=== Work required ===
Taking the line with "What's going on, Decoration" as the first and the line with "After around 20" as the last, set down exactly every line in that range from the entries below, and no more.

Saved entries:
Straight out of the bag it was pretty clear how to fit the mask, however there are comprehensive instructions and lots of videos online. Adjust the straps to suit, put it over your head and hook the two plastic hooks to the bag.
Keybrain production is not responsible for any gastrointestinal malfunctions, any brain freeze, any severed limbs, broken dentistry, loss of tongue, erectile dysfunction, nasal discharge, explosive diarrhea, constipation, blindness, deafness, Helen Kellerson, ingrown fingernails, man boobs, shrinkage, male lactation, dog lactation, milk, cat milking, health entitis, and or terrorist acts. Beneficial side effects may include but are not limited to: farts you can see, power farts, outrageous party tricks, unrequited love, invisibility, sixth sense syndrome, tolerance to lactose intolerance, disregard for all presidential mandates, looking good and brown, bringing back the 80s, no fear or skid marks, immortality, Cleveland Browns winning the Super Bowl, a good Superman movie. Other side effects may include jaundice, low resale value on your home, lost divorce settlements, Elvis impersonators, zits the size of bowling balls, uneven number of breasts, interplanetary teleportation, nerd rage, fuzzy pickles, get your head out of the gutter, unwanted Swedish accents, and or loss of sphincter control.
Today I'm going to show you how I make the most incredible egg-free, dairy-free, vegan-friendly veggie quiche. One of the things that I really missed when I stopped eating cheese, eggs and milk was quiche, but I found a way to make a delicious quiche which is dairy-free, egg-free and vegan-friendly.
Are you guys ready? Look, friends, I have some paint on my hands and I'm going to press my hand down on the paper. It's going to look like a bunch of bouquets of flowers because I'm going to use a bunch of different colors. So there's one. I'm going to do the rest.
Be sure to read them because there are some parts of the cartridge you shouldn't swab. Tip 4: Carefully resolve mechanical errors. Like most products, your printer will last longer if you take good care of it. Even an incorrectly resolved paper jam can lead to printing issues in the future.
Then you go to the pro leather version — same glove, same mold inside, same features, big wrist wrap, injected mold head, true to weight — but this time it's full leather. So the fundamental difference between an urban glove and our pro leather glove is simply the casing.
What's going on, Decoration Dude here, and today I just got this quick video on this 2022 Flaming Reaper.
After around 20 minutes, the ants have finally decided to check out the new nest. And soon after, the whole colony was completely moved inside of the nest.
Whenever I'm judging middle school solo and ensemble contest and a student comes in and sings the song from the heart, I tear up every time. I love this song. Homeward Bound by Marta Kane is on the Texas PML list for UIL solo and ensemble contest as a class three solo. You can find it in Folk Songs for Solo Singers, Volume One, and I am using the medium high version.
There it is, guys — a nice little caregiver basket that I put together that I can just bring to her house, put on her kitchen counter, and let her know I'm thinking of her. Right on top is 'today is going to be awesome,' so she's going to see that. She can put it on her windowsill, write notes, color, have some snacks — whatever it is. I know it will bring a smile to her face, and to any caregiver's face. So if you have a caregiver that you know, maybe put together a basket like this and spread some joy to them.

=== Written solution ===
What's going on, Decoration Dude here, and today I just got this quick video on this 2022 Flaming Reaper.
After around 20 minutes, the ants have finally decided to check out the new nest. And soon after, the whole colony was completely moved inside of the nest.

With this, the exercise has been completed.